Single by Ben Folds Five

from the album Ben Folds Five
- Released: 1996
- Recorded: Wave Castle, Chapel Hill, North Carolina February 1995
- Genre: Alternative rock
- Length: 4:12
- Label: Passenger/Caroline Vital Distribution (single)
- Songwriter: Benjamin Scott Folds
- Producer: Caleb Southern

Ben Folds Five singles chronology
| "Jackson Cannery" (1994) | "Underground" (1996) | "Where's Summer B.?" (UK; 1996) |

Music video
- "Underground" on YouTube

= Underground (Ben Folds Five song) =

1996 single by Ben Folds Five

"Underground" is a song from Ben Folds Five's 1995 self-titled debut album. It was written by Ben Folds. It peaked at #37 on the UK Singles Chart. The track was #3 for the year of 1996 on Australia's Triple J Hottest 100.

==History==
Ben Folds has spoken of feeling a social outcast at times and finding it hard to make friends as a child because his family was constantly moving. As he found initial success with the band Majosha and then forming Ben Folds Five with Darren Jessee and Robert Sledge, he began to recognize members of his audiences as similar types of outcasts. He noted that these types of people, who were in search of their own identities, would often find themselves gravitating towards the underground scenes (punk, ska, hardcore, etc.) of independent music. They would latch onto the scenes with particular fervor.

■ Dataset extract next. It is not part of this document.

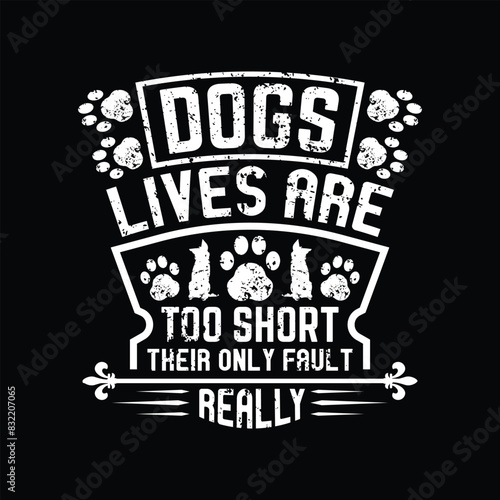 Dog typographic t shirt design vector graphic - Dog Lover quotes design.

"Underground" is both an ode to and castigation of these types of people, as well as the perceived notions of the underground scene looking in from the outside. As Folds says:

It's just exercising artistic freedom to put some different things together that I think are funny. I think it's funny to make a very happy, cabaret-sounding song about the underground of the indie rock world. I think it's funny to take those people and make them dance around like puppets and sing Bee Gees. That's part of why you write. It's the freedom to do stuff like that. If there's a statement in it at all – and it's not the heaviest song obviously – it's that the underground or indie scene or whatever you wanna call it is just a social club. It's just fun. They're not planning the next revolution. People get so fucking serious about it, but it's just like if you've got all the credit to apply for a country club, they're going to ask you the same questions.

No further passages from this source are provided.